Data to use START

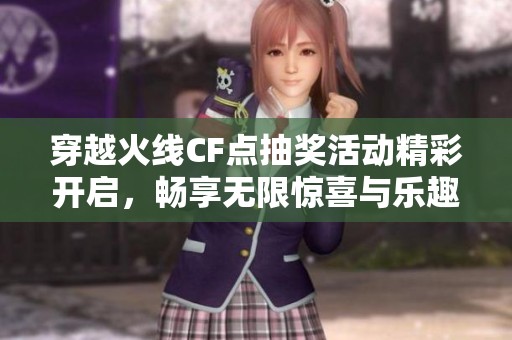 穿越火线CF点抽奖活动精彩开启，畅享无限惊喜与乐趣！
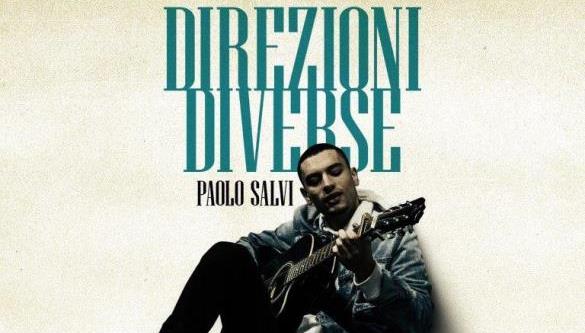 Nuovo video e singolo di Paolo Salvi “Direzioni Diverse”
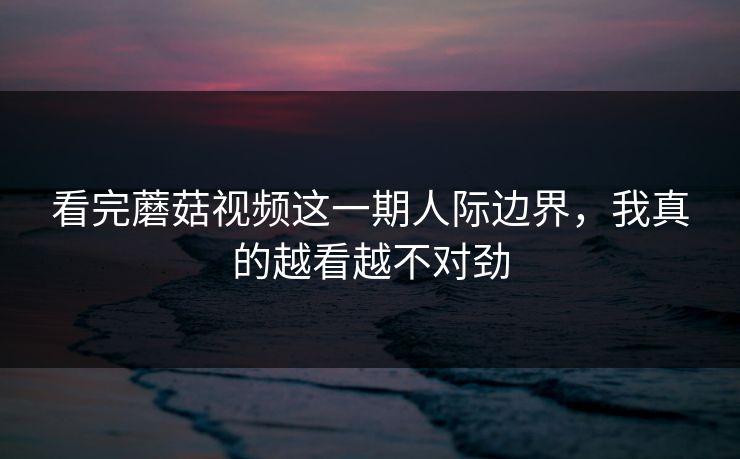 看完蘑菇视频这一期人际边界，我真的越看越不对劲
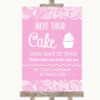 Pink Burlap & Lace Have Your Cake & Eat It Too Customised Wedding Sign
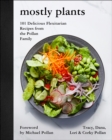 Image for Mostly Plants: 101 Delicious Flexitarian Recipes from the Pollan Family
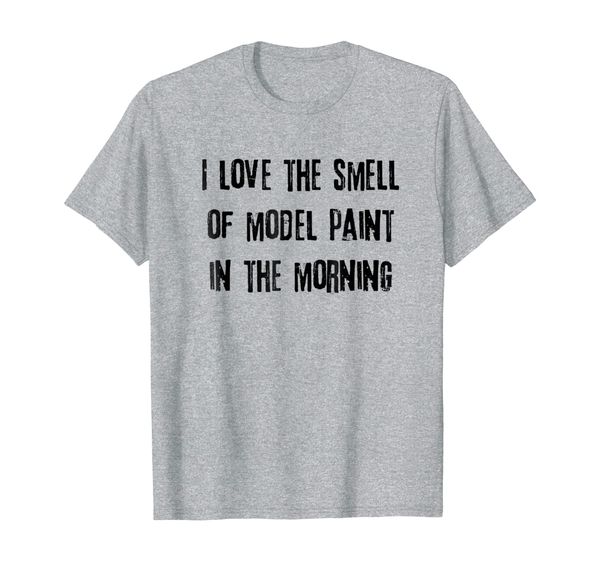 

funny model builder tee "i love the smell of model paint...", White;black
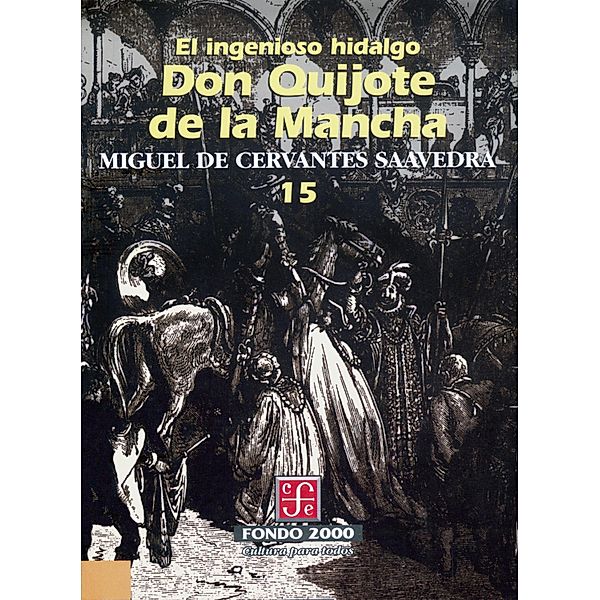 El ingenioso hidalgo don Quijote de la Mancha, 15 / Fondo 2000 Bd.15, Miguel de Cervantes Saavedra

Data to use END

# [Requirement]
Give back the entries verbatim. Do not include any picture.

# [Reply to the exercise]
 穿越火线CF点抽奖活动精彩开启，畅享无限惊喜与乐趣！
 Nuovo video e singolo di Paolo Salvi “Direzioni Diverse”
 看完蘑菇视频这一期人际边界，我真的越看越不对劲
 Pink Burlap & Lace Have Your Cake & Eat It Too Customised Wedding Sign
 Image for Mostly Plants: 101 Delicious Flexitarian Recipes from the Pollan Family

funny model builder tee "i love the smell of model paint...", White;black
 El ingenioso hidalgo don Quijote de la Mancha, 15 / Fondo 2000 Bd.15, Miguel de Cervantes Saavedra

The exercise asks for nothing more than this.